Two, there is a rather wide gap between China’s rhetoric and its practice. Take for example, its frequent claims that BRI projects are ‘win-win’ for all parties concerned. Over the five-year period of the BRI, the image that China has assiduously tried to cultivate of the BRI being a mere economic project aimed at fulfilling a crucial development need for infrastructure in Asia, Africa and Europe and at increasing people-to-people contacts has been punctured by several unflattering reports of the nature of these projects. In the main, these revolve around the high costs of Chinese projects that have led many nations into debt traps, lack of transparency on their terms, alleged bribery of host government officials, the use of Chinese labour and the use of old, polluting technologies (for example, see Hurley, Morris, and Portelance 2018; Jacob 2017a).

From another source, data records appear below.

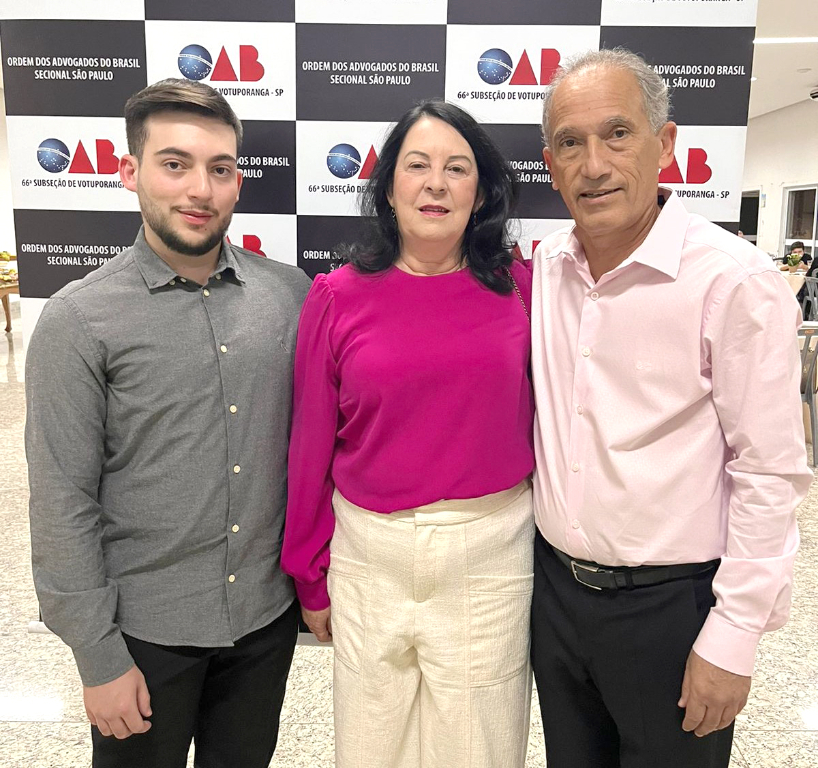 O advogado Edgard Pagliarani Sampaio, comemora seu aniversário neste dia 19, e celebra a alegria desta data juntinho de sua mulher, Célia Cristina Sampaio e seu filho Caio Henrique, junto a ele na foto. Parabéns, Dr. Edgard, que Deus lhe conceda um novo ano de vida repleto de bênçãos, saúde e felicidade e que seu novo ano de vida seja repleto de boas surpresas e realizações. Feliz vida! 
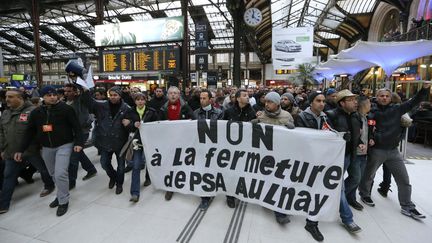 Des salari&eacute;s de l'usine PSA d'Aulnay-sous-Bois manifestent gare de Lyon, &agrave; Paris, le 19 mars 2013. (PIERRE VERDY / AFP)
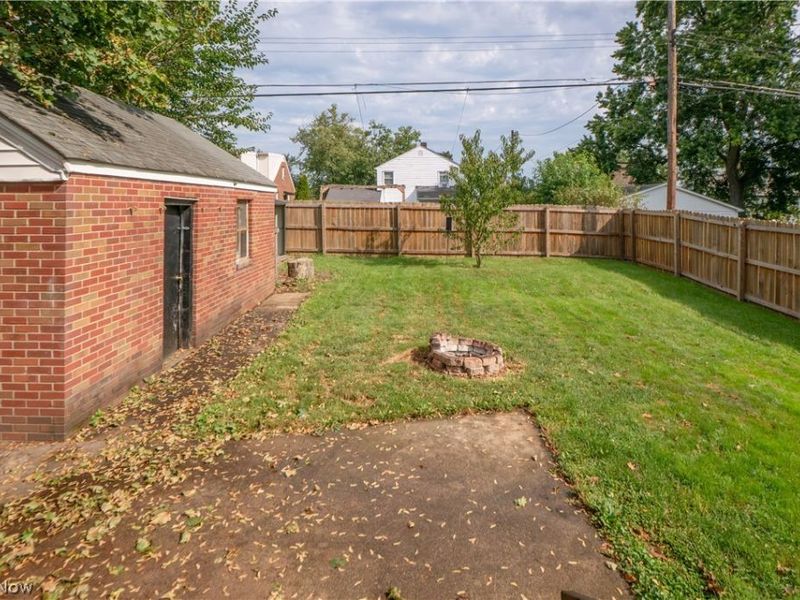 1209 Spangler Road NE, Canton, OH 44714 Photo 30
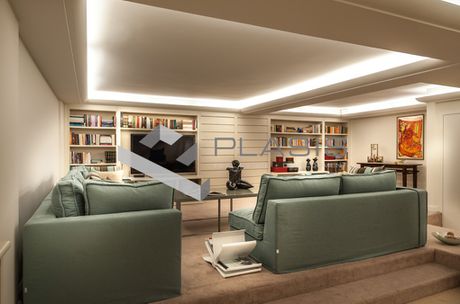 Μεζονέτα 516 τ.μ. για πώληση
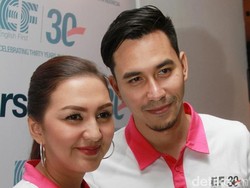 Cara Keluarga Darius dan Donna Tetap Harmonis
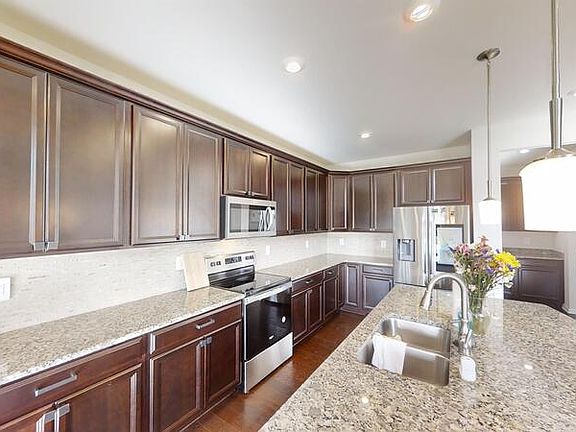 5th image of 2694 Timber Glen Dr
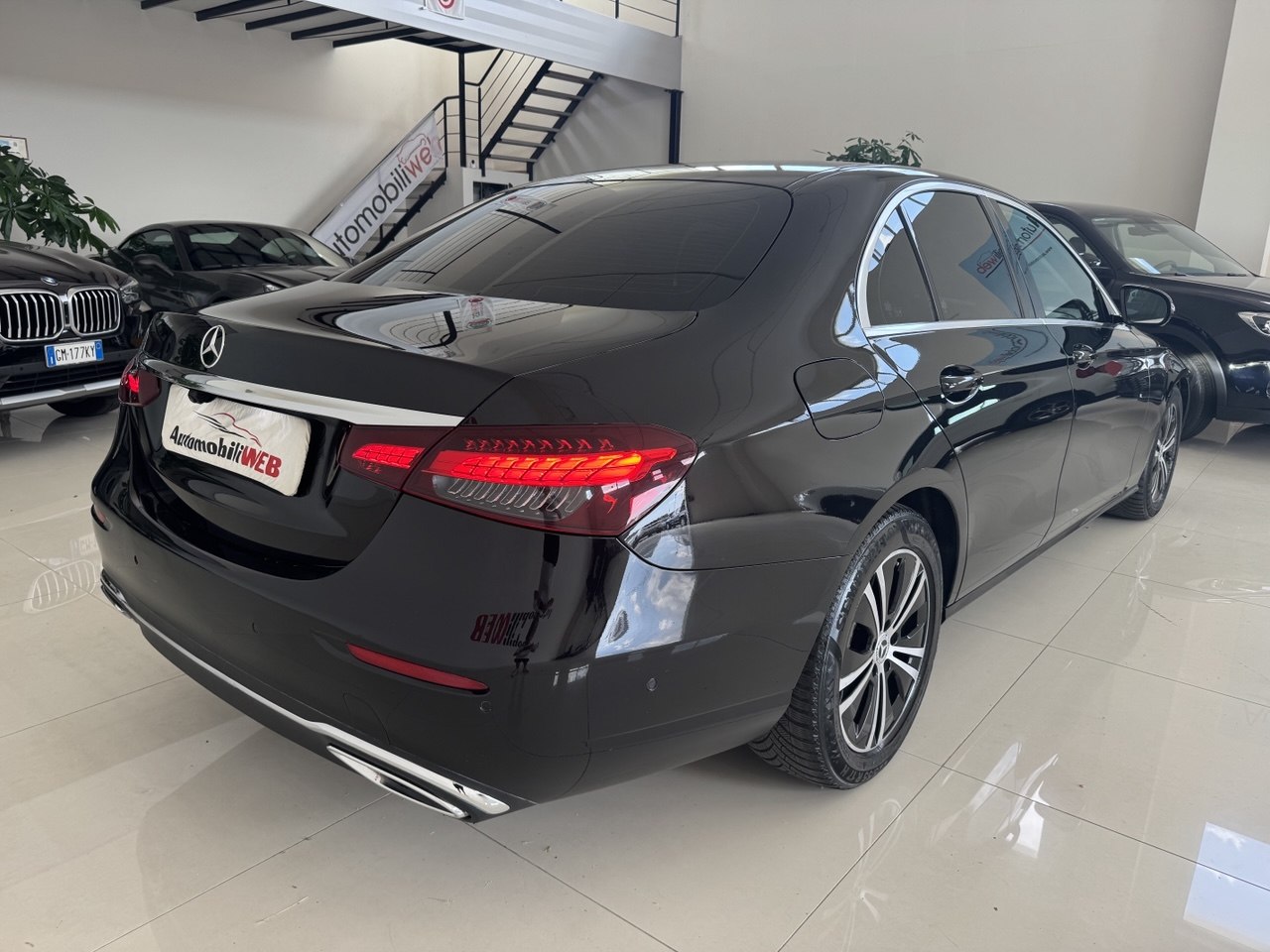 MERCEDES E200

Three, and related, is the massive propaganda exercise that has been built up around the BRI. It is an endeavour in which the Chinese state and CPC have spared no effort even using social media platforms such as Twitter and Facebook, which they have banned at home, and paid advertisements in foreign news publications, to sell the message of the BRI. It must be underlined that practically every Chinese project or foreign policy exercise abroad is now being brought under the rubric of the BRI or has a BRI theme from investments in technology startups to people-to-people exchanges. The BRI has become something of a legacy-building project for Xi Jinping and therefore, under the ongoing centralisation of power under Xi, the Party and state have devoted considerable propaganda resources to its promotion.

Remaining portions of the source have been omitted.